Brothers and freedom fighters from India

Nilamber and Pitamber Bhogta were tribal brothers and freedom fighters from Jharkhand, eastern India, who led a revolt against the East India Company during the Indian Rebellion of 1857. They were born into a family of Bhogta clan of Kharwar tribe in the village Chemo-Senya in Latehar district, a Chotanagpur plateau region of Jharkhand. Their father, Chemu Singh, was Jagirdar. They decided to declare themselves independent of company rule, inspired by the Doronda Revolt in Ranchi led by Thakur Vishwanath Shahdeo and Pandey Ganpat Rai. Chero Jagirdar Devi Baksh Rai joined them.

On 21 October 1857, 500 people, led by Nilamber and Pitamber Bhogta, attacked Raghubar Dayal, who had sided with the British, at Chainpur. Then they caused heavy destruction at Lesliganj. Lt. Graham was not able to suppress the revolt with only 50 people on his side, and rebels besieged Lt. Graham in the house of Raghubar Dayal.

In December 1857, two companies under Major Cotter arrived and were able to capture Devi Baksh Rai. To suppress further revolts, Commissioner Dalton arrived in Palamu from Ranchi with Madras Infantry, Ramgarh cavalry and soldiers of the Pithoria Parganait on 21 January 1858. He and Graham attacked Palamu Fort, which was occupied by rebels. Nilamber and Pitamber were forced to flee due to the strength of British forces.

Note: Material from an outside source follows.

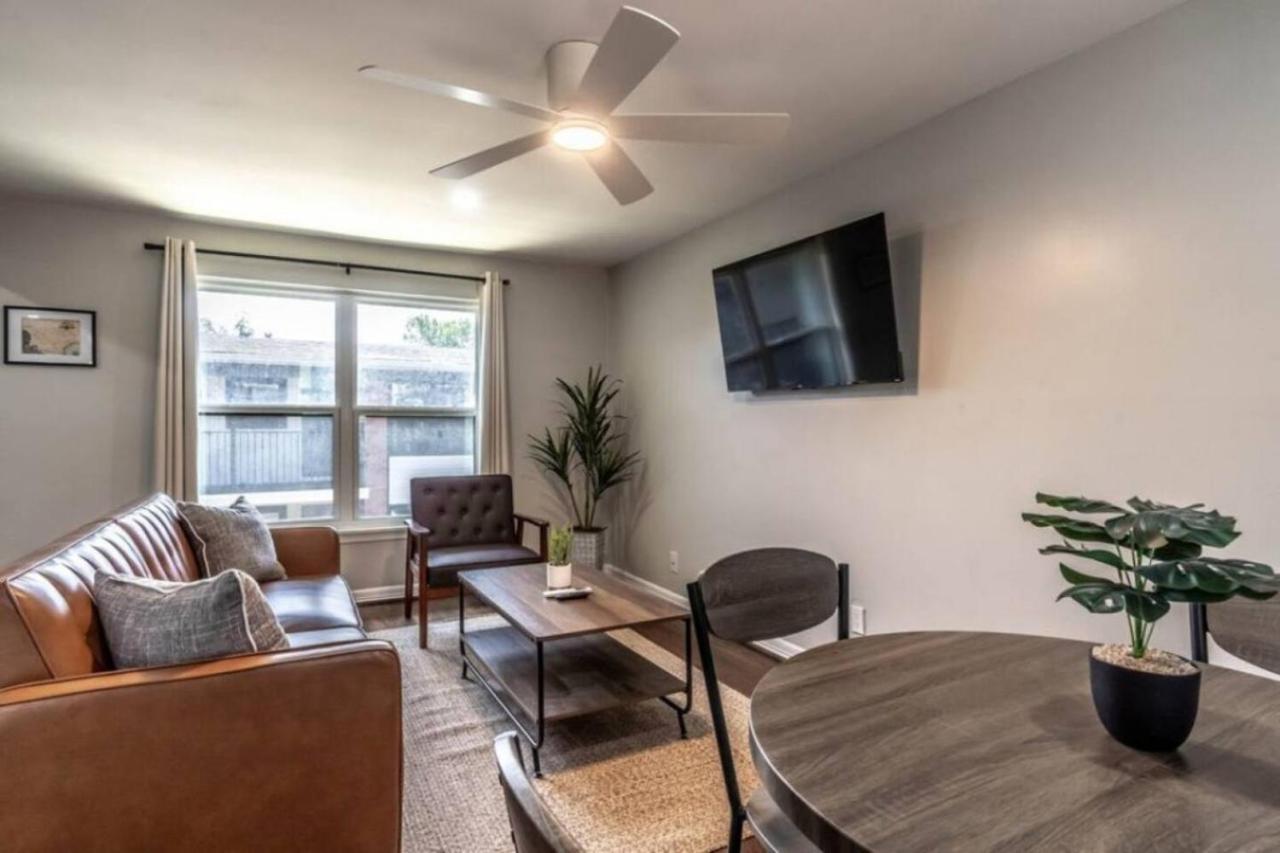 Roomy Urban Apartment Montrose! Free Parking #3 Houston Buitenkant foto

Edward Tuite Dalton got Babu Kunwar Singh's letter to Nilambar and Naklait Majhi, who had asked for immediate help. Dalton planned to suppress the rebellion prior to the help of Kunwar Singh. Nilamber and Pitamber continued to fight against the British, by hiding in forests. Eventually they were arrested and hanged on 28 March 1859 by British forces in Lesliganj.

==Commemoration==
- Nilamber-Pitamber University
- Indian Institute of Management Ranchi honored the valiant heroes in 2024 by renaming its primary academic buildings (previously AB-1 & AB-2) as Nilamber Block & Pitamber Block. These blocks, now integral to IIM Ranchi’s landscape, embody not only architectural significance but serve as perpetual reminders of the enduring spirit of India’s freedom fighters.